The designer of a DDBS must consider the type of communications system, data models supported, types of applications, and data placement alternatives. Final design choices include distributed processing using a centralized database, client-server systems, parallel databases, peer-to-peer data management, cloud services, or a true distributed database. A distributed database can be homogeneous, where all nodes use the same hardware and software, or heterogeneous, where nodes have different hardware or software. Heterogeneous systems require translations of codes and word lengths due to hardware differences, or of data models and data structures due to software differences.

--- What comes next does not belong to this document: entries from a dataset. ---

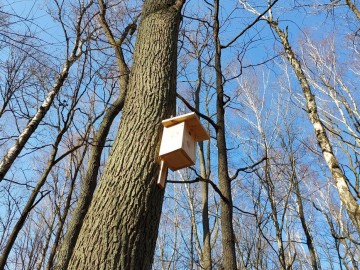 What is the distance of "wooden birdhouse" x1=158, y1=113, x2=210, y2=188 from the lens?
70.7 inches

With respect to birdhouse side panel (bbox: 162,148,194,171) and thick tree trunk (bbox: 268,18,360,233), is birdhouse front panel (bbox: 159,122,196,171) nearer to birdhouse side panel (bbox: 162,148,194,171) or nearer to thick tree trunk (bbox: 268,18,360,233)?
birdhouse side panel (bbox: 162,148,194,171)

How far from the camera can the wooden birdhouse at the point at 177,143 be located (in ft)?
5.89

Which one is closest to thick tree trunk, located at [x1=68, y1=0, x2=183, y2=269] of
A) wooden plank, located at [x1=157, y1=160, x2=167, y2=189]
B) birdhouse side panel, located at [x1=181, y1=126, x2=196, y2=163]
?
wooden plank, located at [x1=157, y1=160, x2=167, y2=189]

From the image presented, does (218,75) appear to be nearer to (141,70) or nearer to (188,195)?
(141,70)

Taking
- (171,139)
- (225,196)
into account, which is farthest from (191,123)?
(225,196)

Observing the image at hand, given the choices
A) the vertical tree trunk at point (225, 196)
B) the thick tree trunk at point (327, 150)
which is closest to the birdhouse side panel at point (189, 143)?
the vertical tree trunk at point (225, 196)

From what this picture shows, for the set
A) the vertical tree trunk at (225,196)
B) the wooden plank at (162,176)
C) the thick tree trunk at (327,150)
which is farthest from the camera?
the thick tree trunk at (327,150)

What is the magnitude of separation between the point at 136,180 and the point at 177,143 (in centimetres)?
34

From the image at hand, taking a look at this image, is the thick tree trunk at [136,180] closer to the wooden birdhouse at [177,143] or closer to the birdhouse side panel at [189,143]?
the wooden birdhouse at [177,143]

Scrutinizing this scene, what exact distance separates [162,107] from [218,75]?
2.28m

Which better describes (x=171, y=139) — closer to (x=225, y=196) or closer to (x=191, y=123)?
(x=191, y=123)

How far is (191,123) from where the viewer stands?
2.09 metres

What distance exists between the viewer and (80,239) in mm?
1517

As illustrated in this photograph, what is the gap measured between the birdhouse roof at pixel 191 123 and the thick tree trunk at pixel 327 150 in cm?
242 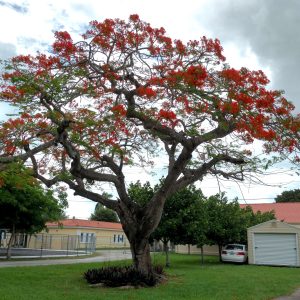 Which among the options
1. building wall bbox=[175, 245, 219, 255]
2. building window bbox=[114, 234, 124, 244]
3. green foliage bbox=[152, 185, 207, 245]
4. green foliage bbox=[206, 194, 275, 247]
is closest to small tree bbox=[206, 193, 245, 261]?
green foliage bbox=[206, 194, 275, 247]

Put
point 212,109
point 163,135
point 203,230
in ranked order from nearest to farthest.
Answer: point 212,109 → point 163,135 → point 203,230

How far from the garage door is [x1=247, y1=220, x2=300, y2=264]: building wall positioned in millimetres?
243

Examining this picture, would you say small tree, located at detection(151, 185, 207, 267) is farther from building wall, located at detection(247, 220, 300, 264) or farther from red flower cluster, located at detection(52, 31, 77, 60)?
red flower cluster, located at detection(52, 31, 77, 60)

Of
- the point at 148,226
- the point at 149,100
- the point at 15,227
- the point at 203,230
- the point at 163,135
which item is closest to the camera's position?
the point at 149,100

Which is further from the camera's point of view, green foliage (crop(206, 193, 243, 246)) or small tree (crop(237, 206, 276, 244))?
small tree (crop(237, 206, 276, 244))

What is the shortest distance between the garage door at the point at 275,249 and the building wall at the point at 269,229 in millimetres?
243

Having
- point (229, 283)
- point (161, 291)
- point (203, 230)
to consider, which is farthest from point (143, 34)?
point (203, 230)

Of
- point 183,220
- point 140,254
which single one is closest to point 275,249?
point 183,220

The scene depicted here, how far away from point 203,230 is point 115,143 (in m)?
11.8

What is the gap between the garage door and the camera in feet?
92.7

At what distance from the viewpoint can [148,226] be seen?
49.0ft

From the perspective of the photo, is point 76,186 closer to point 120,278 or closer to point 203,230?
point 120,278

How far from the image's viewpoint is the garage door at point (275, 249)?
28.2 metres

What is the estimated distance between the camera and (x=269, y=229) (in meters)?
28.9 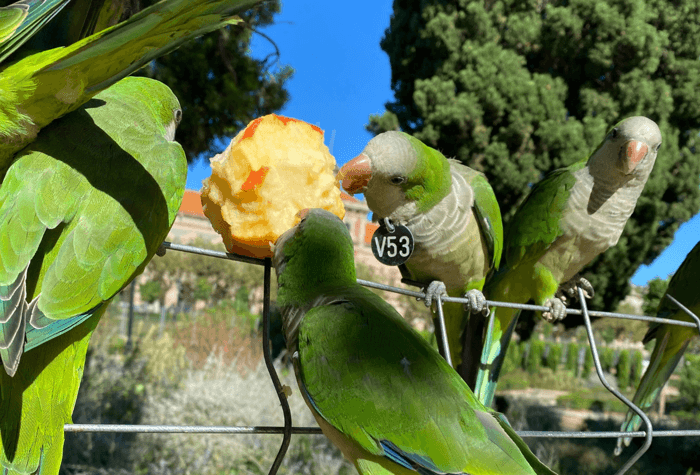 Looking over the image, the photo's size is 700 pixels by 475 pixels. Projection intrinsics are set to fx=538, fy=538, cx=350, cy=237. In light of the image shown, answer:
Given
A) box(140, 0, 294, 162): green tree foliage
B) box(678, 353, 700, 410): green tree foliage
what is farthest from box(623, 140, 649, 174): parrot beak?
box(678, 353, 700, 410): green tree foliage

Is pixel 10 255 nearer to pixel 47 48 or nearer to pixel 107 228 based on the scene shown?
pixel 107 228

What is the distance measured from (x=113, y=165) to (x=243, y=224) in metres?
0.20

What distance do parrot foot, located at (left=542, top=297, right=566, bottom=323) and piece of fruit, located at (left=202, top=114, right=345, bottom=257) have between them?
0.76 meters

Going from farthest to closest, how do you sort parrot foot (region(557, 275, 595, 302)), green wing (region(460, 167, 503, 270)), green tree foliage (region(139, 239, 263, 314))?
green tree foliage (region(139, 239, 263, 314)) → parrot foot (region(557, 275, 595, 302)) → green wing (region(460, 167, 503, 270))

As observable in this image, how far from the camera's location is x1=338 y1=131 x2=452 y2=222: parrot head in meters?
1.09

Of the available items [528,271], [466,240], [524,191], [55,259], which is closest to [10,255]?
[55,259]

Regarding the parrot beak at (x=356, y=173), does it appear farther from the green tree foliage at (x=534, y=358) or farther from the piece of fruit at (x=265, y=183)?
the green tree foliage at (x=534, y=358)

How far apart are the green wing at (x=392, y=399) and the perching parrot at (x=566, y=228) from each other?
676mm

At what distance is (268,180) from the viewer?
0.85 m

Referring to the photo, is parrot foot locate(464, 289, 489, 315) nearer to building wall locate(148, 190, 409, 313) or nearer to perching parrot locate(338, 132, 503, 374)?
perching parrot locate(338, 132, 503, 374)

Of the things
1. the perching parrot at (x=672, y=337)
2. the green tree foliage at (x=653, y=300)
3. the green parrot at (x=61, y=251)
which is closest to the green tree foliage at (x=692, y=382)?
the green tree foliage at (x=653, y=300)

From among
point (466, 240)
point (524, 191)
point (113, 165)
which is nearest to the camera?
point (113, 165)

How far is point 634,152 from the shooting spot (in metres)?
1.28

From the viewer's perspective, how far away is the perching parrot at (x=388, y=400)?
69cm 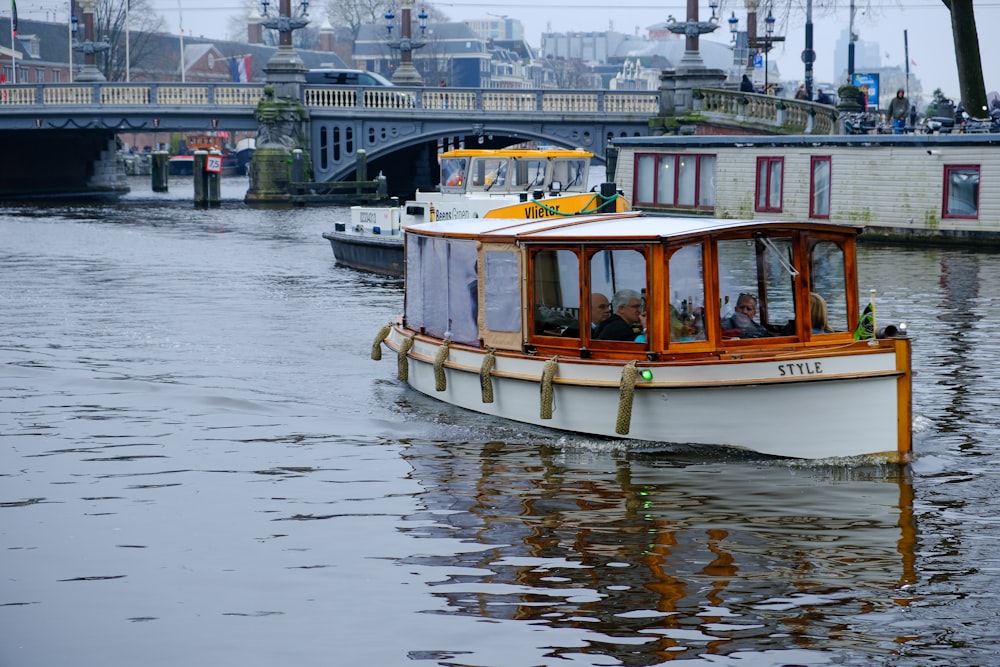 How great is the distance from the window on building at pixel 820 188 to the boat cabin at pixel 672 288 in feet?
79.4

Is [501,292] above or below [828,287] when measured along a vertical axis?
below

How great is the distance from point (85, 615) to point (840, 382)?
6.80m

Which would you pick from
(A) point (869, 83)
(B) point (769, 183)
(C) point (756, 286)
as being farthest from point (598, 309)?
(A) point (869, 83)

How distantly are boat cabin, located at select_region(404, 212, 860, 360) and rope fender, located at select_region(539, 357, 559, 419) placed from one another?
284 millimetres

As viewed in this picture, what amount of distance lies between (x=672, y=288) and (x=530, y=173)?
16.8 meters

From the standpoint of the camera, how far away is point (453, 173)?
31.5 meters

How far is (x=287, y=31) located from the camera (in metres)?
61.1

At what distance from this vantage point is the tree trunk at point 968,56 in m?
41.7

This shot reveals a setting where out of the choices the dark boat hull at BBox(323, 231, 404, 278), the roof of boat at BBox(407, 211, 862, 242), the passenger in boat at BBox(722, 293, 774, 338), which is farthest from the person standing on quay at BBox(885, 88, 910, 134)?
the passenger in boat at BBox(722, 293, 774, 338)

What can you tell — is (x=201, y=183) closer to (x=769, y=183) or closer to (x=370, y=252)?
(x=769, y=183)

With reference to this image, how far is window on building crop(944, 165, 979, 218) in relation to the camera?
36344 mm

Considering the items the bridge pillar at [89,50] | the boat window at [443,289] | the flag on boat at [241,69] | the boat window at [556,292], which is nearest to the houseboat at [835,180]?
the boat window at [443,289]

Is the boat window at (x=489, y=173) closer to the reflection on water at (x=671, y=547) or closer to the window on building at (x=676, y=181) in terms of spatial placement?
the window on building at (x=676, y=181)

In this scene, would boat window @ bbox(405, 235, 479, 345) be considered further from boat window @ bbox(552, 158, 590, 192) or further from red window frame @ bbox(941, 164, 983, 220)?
red window frame @ bbox(941, 164, 983, 220) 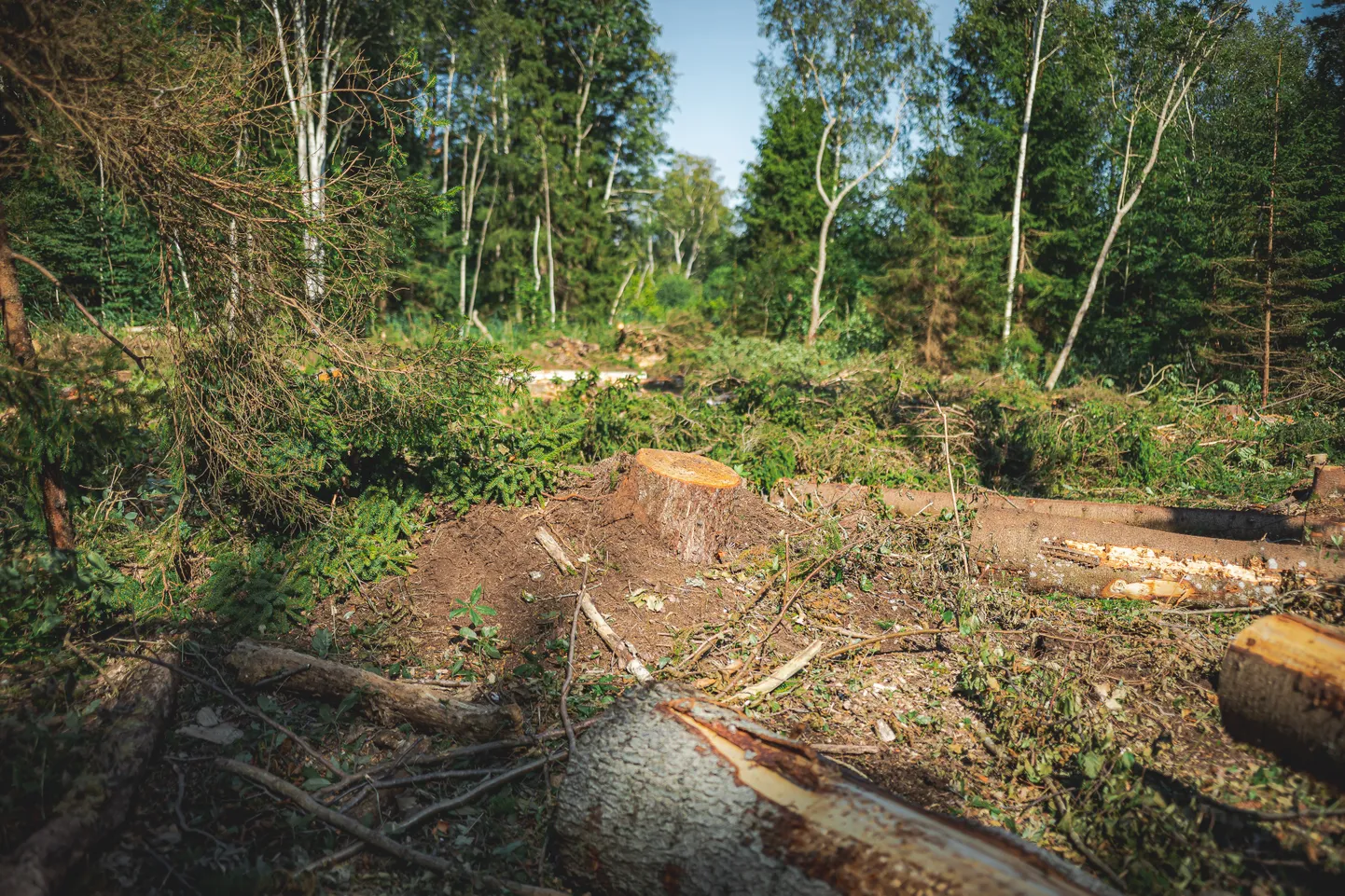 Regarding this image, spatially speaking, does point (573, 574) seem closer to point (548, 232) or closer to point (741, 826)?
point (741, 826)

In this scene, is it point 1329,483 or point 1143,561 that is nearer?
point 1143,561

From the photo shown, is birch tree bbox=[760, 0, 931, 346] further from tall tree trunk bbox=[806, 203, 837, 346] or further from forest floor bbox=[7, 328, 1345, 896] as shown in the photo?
forest floor bbox=[7, 328, 1345, 896]

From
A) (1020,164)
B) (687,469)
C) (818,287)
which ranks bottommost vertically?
(687,469)

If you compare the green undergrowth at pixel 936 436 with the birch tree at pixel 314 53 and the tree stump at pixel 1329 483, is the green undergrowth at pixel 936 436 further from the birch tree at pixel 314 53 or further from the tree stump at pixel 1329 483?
the birch tree at pixel 314 53

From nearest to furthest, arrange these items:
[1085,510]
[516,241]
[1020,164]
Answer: [1085,510] < [1020,164] < [516,241]

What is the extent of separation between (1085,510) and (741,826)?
4399mm

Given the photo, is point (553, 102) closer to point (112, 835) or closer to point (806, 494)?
point (806, 494)

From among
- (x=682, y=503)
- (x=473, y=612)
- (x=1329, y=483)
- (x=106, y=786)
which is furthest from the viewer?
(x=1329, y=483)

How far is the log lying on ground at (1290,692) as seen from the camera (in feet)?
A: 8.31

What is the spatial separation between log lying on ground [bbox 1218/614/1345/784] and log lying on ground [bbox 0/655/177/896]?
163 inches

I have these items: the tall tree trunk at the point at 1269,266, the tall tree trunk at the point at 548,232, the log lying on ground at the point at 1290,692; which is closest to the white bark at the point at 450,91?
the tall tree trunk at the point at 548,232

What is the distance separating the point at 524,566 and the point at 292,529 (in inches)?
58.0

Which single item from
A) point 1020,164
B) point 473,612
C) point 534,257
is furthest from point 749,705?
point 534,257

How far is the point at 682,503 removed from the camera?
4727mm
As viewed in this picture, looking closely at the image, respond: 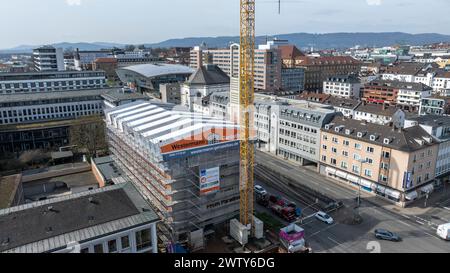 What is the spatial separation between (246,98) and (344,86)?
9409 centimetres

A DDBS has the following software components: a data communications (DC) component, a local database management system (LDBMS), a global data dictionary (GDD), and a distributed database management system (DDBMS) component. The responsibilities of the DDBMS include providing the user interface, locating the data, processing queries, providing network-wide concurrency control and recovery procedures, and providing translation in heterogeneous systems. Data placement alternatives are centralized, replicated, partitioned, and hybrid. Factors to be considered in making the data placement decision are locality of reference, reliability of data, availability of data, storage capacities and costs, distribution of processing load, and communications costs. The other components of a DDBS may be placed using any of the four alternatives.
Forms of transparency that are desirable in a distributed database include data distribution transparency (which includes fragmentation transparency, location transparency, and replication transparency), DBMS heterogeneity transparency, transaction transparency (which includes concurrency transparency and recovery transparency), and performance transparency.
One of the most difficult tasks of a distributed database management system is transaction management. The CAP (Consistency, Availability, Partition tolerance) theorem states that a distributed system cannot simultaneously satisfy all three properties of consistency, availability, and partition tolerance. Distributed systems usually sacrifice immediate consistency to guarantee the other two properties, using a BASE (Basically Available, Soft state, Eventually consistent) model rather than the ACID (Atomicity, Consistency, Isolation, Durability) model used for traditional databases. Each site that initiates transactions also has a transaction coordinator whose function it is to manage all transactions, whether local, remote, or global, that originate at that site. Concurrency control problems that can arise include the lost update problem, the uncommitted update problem, the problem of inconsistent analysis, the nonrepeatable read problem, and the phantom data problem, as well as the multiple-copy consistency problem, which is unique to distributed databases. As for the centralized case, solutions for the distributed case include techniques such as locking and timestamping. The two-phase locking protocol has variations in the distributed environment that include single-site lock manager, distributed lock managers, primary copy, and majority locking. The Read-One-Write-All rule is often used for replicated data. Distributed deadlock is detected using a global wait-for graph. Timestamping can also be used to guarantee serializability. Timestamps may include two parts—a normal timestamp and a node identifier. To prevent timestamps from different sites from diverging too much, each site can automatically advance its timestamps whenever it receives a later timestamp than its current time. Recovery protocols include the two-phase commit and the three-phase commit protocols.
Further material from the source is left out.